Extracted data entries
──────────

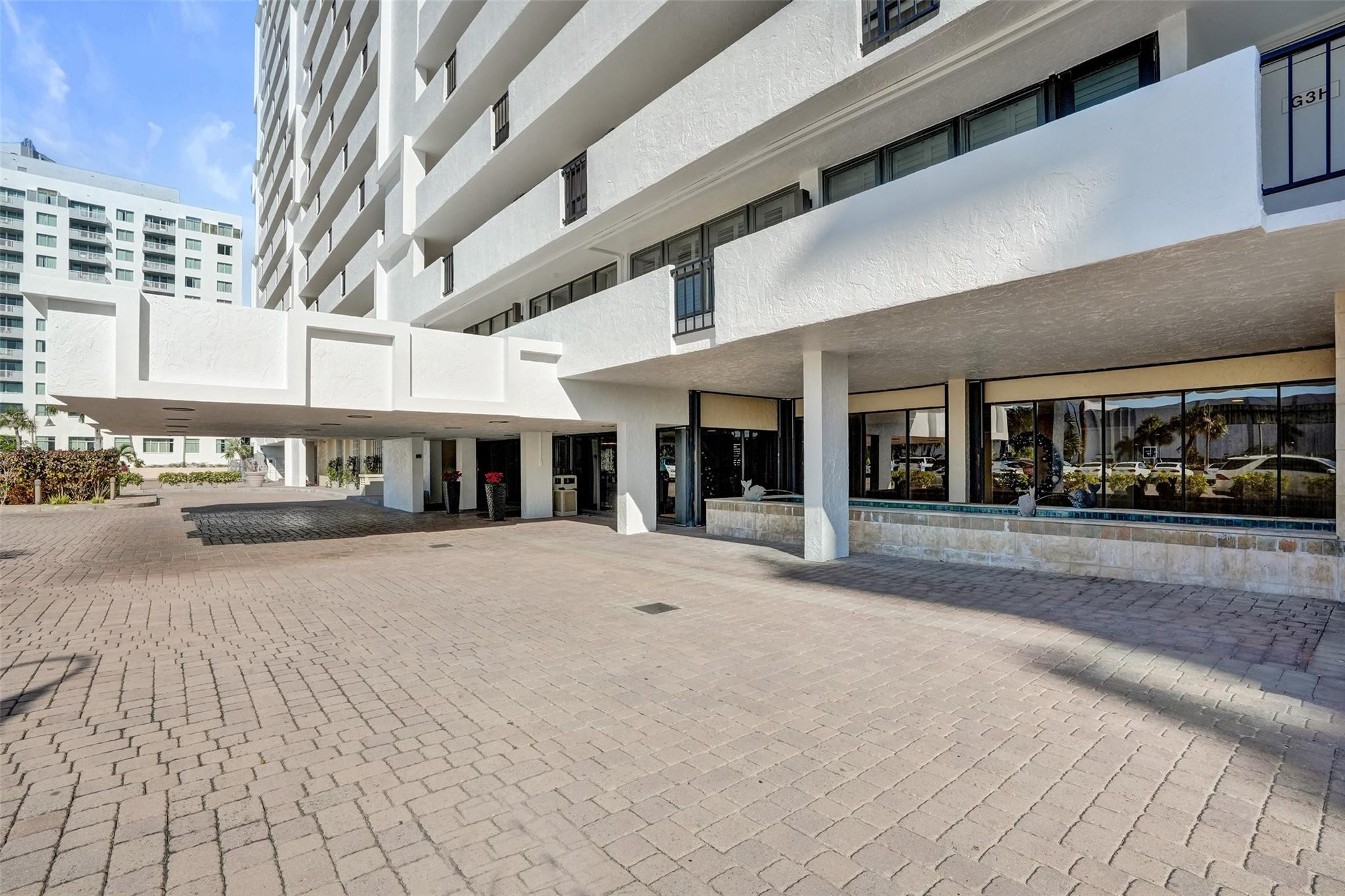 CORINTHIAN - Residential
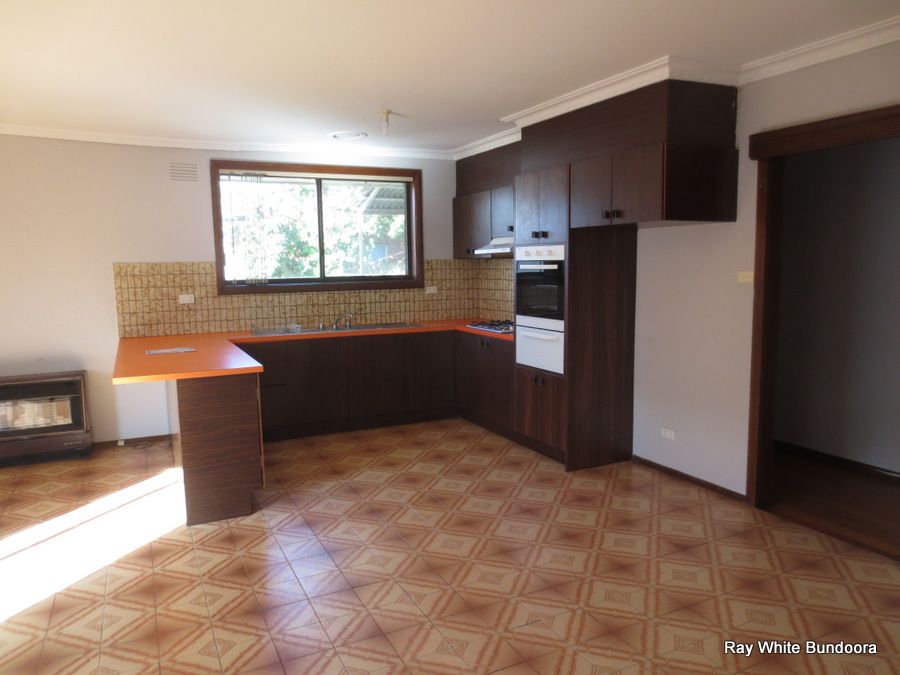 9 Hermitage Crescent, BUNDOORA, VIC 3083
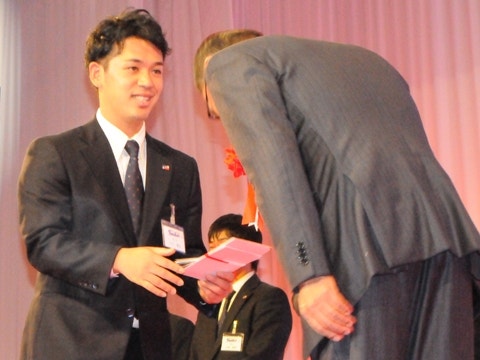 優勝決定試合に先発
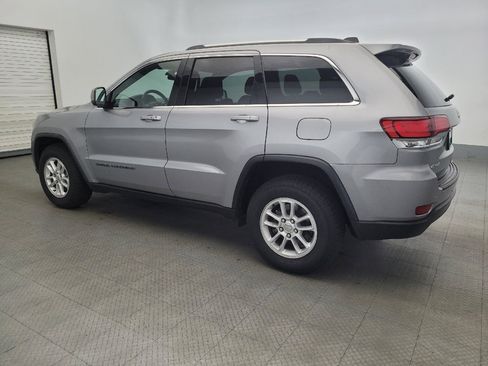 Used 2020 Jeep Grand Cherokee Laredo AWD/4WD image 3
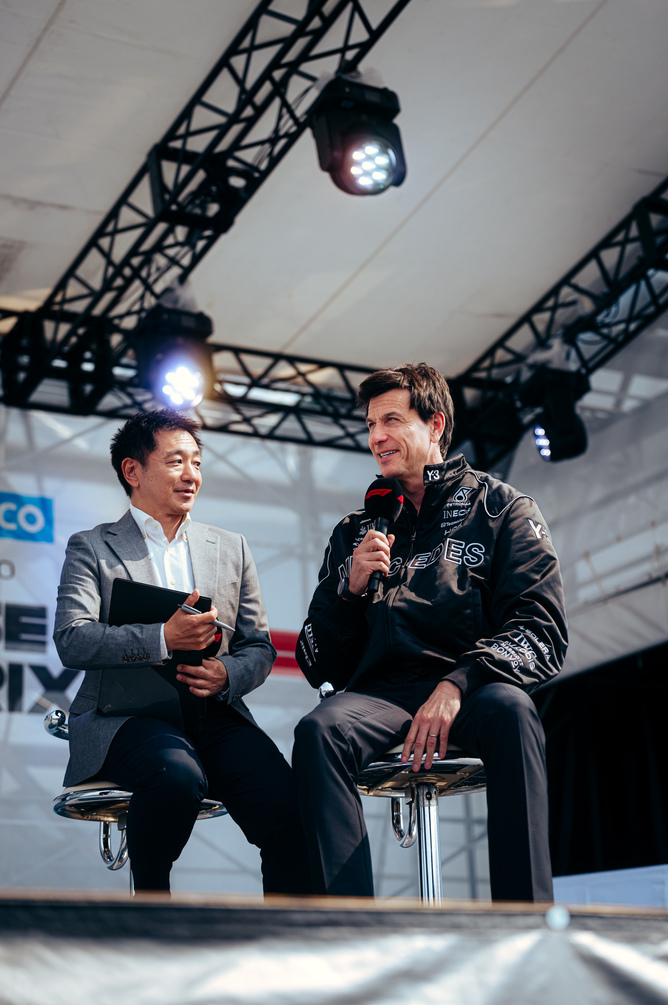 Toto Wolff poskytuje rozhovor na pódiu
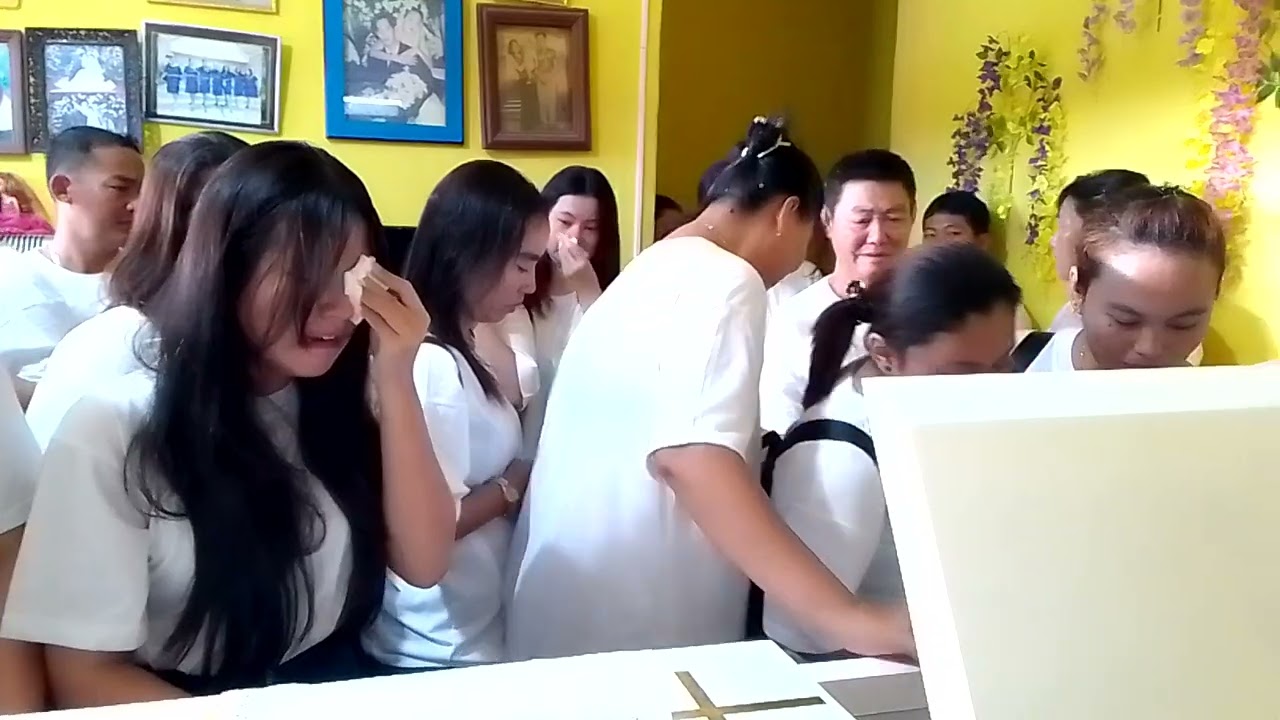 Perpisahan sebelum jenajah dibawa ke TPU sambau,naungsah Batam, Keluarga besar Nenek Salamah.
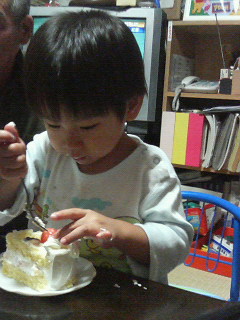 ケーキ食べる.jpg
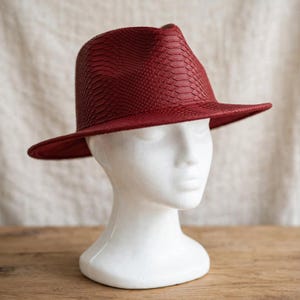 Red Leather Fedora Hat Men, Matte Red Python Embossed Hat, Handmade Wide Brim Fedora, Snakeskin Print Hat, Statement Hat, Gift for Him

──────────

### What to do:
Going from the line holding "Perpisahan sebelum jenajah" to the last line of the data above, reproduce every line exactly, both included, with the pictures omitted.

### Answer section:
 Perpisahan sebelum jenajah dibawa ke TPU sambau,naungsah Batam, Keluarga besar Nenek Salamah.
 ケーキ食べる.jpg
 Red Leather Fedora Hat Men, Matte Red Python Embossed Hat, Handmade Wide Brim Fedora, Snakeskin Print Hat, Statement Hat, Gift for Him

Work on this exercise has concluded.